P3.26 Characteristics and variability of the Atmospheric Water Balance of the Amazon Basin

Tuesday, 6 April 1999
Jose A. Marengo, CPTEC/INPE, Cachoeira Paulista, Sao Paulo, Brazil

The water balance of the Amazon basin is of great importance, due to the presence of the world’s larges hydrographic system. Hence, there is a concern that large-scale land use changes may change significantly the flow regimes of rivers within the region and the land-atmosphere exchange of moisture, as well as the moisture fluxes from the basin to other regions of South America. This paper describes a research effort to estimate the atmospheric water balance of the Amazon basin, as a whole and by regions, using the NCEP reanalysis, and the network of river and rainfall data in the region.
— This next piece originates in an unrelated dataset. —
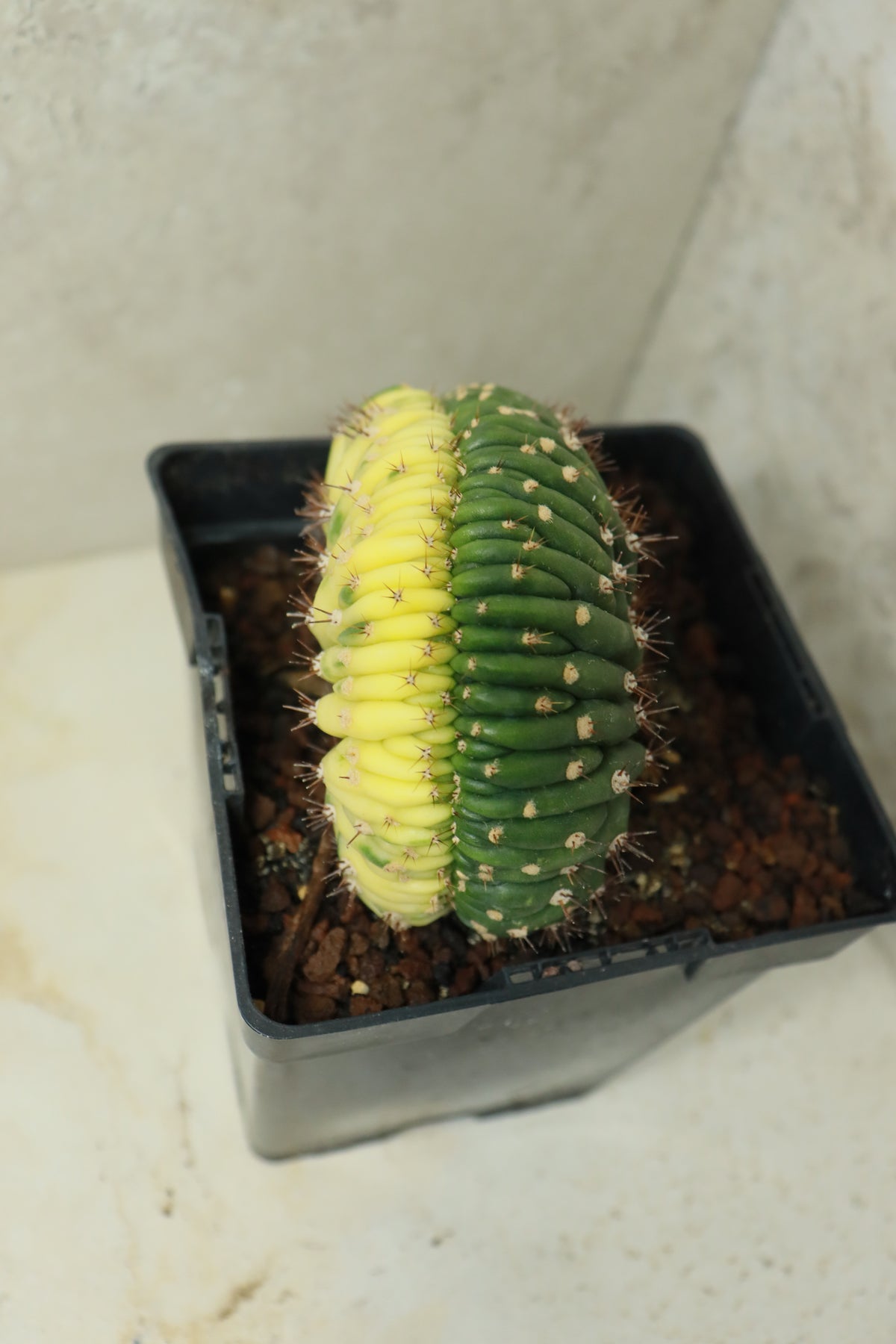 Trichocereus pachanoi cristata variegata – Einzelstück #0023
Quantifications are made for the near-surface moisture input from the North Atlantic into the Northern Amazon, from the Northern Amazon into the southern part of the basin, and from the basin to adjacent regions outside the basin, suchas central and Southern Brazil-Northern Argentina-Southern Brazil. In additions, annual, interannual and decadal variability of the water balance and its terms are studied, in relation to issues such as the ENSO phenomenon, the Atlantic SST dipole, and the decadal variability that have been previously identified in the Atlantic sector of South America. Preliminary results indicate the presence of decadal variability in rainfall and moisture transport especially in the northern parts of the basin, the effects of ENSO, and a long-term trend that seems to be due to both natural and human induced climate variability.